Good job プロジェクト, 未来の新たな”はたらくカタチ”
Wao!考えるな、感じろ―日光街道「太陽のもとのてらこや」ふりかえりワークショップからみえてきたもの
今回のJES新年会では、第一部として、でじでじさん(藤村義樹さん)をファシリテーターにお迎えし、「日光街道ふりかえりワークショップ」を開催しました。
実は、17回続いてきた日光街道イベントの中で、このような形でじっくりと“ふりかえり”を行うのは初めてのこころみでした。

日光街道イベントは、日本橋から日光東照宮まで約147kmの道のりを、5日間に分けて歩いていく活動です。徒歩行軍コースに加え、地域や文化に触れながら巡る「まちあるきコース」もあり、毎年さまざまな人が関わりながら続いてきました。
しかし、この活動について「なぜ参加しているのか」「なぜ歩くのか」と問われると、実はうまく言葉にできない場面も少なくありません。
「なんとなく惹かれて参加した」
「歩くと気持ちいい」
「うまく説明できないけれど、また行きたくなる」
そんな感覚を持っている人が多い一方で、その“何か”を深く言葉にする機会は、これまであまりありませんでした。

今回のでじでじさんのワークショップは、まさにその「言葉になる前の感覚」を、色や対話を通して掘り起こしてみよう、というこころみでした。
冒頭、でじでじさんは、アーノルド・ミンデルのプロセスワークから「3つの現実」という考え方を紹介してくれました。

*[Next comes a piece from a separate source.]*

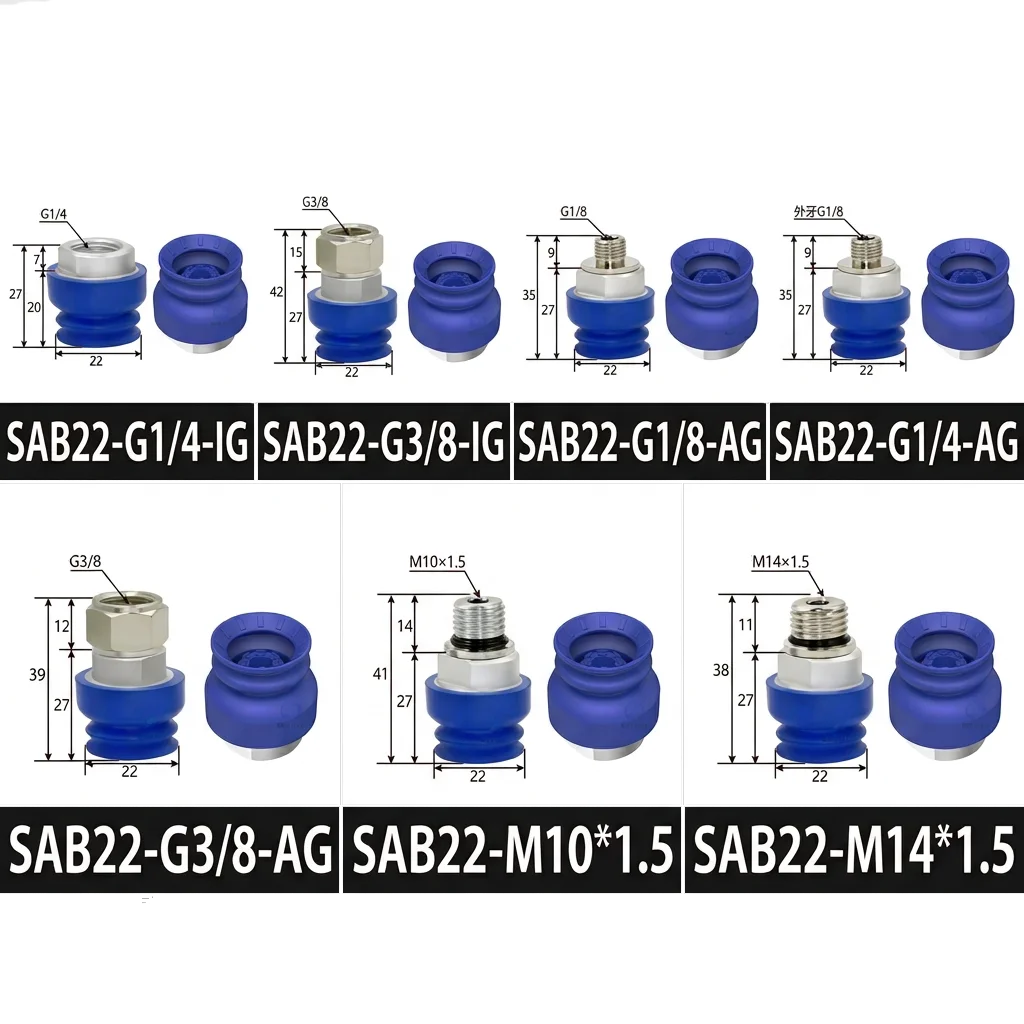 SAB 22 Bellows Vacuum Suction Cups G1/4 G3/8 G1/8 M10 M14 Male Female Thread Pneumatic Gripper Pads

一つは、数字や結果、ルールなど、誰もが確認できる“合意的現実”。
もう一つは、感情や気持ちなど、見えにくいけれど確かに存在する“ドリーミング”。
さらにその奥には、文化や空気感、場の雰囲気のような“エッセンス”がある、と。
私たちは普段、どうしても「結果」や「数字」の世界だけで物事を考えがちです。しかし日光街道には、それだけでは説明できないものが流れているのではないか。そんな問いかけから、ワークショップはスタートしました。
JES理事長の金野からも、あらためて「日光街道とは何なのか」をお話させていただきました。
日光街道には、「147kmを5日間で歩く」という明確な行程があります。集合時間も、ゴール時間も決まっている。特に徒歩行軍では、「この時間までにここへ着こう」という秩序や構造がしっかり存在しています。
一方で、その行程という枠組みの中では、毎回まったく違う出来事が生まれます。
足が痛くなった仲間に声をかけること。
「あと少しだから頑張ろう」と励まし合うこと。
時間が限られる中でも、「ここだけは立ち寄りたい」と皆で景色を味わうこと。
歩きながら、普段なら話さないようなことを自然と語り合うこと。

そうした機械的な側面と生成的な側面とのあいだにおいて、混ざり合いや重なり合いが起き、後から「ああ、こういうことだったのか」と身体で意味を感じていく。日光街道とは、そんな活動なのかもしれない―。この一年で感じていたことをお伝えさせていただきました。
ワークでは、まず参加者一人ひとりが「足跡」の紙に、自分の感覚を色で表現していきました。足跡は私たちの活動の象徴でもあります。

楽しかった気持ち。
不安だった気持ち。
混ざり合う感覚。
緑の景色。
疲労感。
美味しかったビール。
人とのつながり。
歩いた先に広がっていた世界。
でじでじさんは、「みんな正解です」と何度も伝えてくれました。

「もう嫌だと思った」も正解。
「楽しかった」も正解。
「疲れた」も正解。
その言葉があったからこそ、参加者それぞれが安心して、自分の感覚を表現できていたように思います。
その後、グループごとに対話を重ねながら、日光街道を表すキャッチフレーズも考えていきました。
「Wao!」「歩くとわかる」「混ざり合う」「大人の遠足」「考えるな、感じろ」。
そんな言葉が、多様な参加者、しかも日光街道イベントに参加した回数も密度も異なる人同士の中から自然と生まれてきたことも、とても印象的でした。

今回のワークショップでは、「日光街道とはこういうものだ」という一つの正解を決めたわけではありません。
むしろ、それぞれが感じていたこと、見ていた景色、抱えていた思いを持ち寄り、「違い」を知り、「混ざり合う」時間だったように思います。
歩くことでしか見えない景色がある。歩くことでしか生まれない対話がある。そして、歩くことで、自分の中にある感覚に気づいていく。
このワークショップを通して、日光街道という活動の中に流れていたものを、少しだけ皆で言葉で表出させることができたように感じています。
今年の11月の日光街道イベントではどのような物語りが生まれてくるか。
またそれぞれの“感じる”を持ち寄りながら、皆で日光街道を歩いていきたいと思います。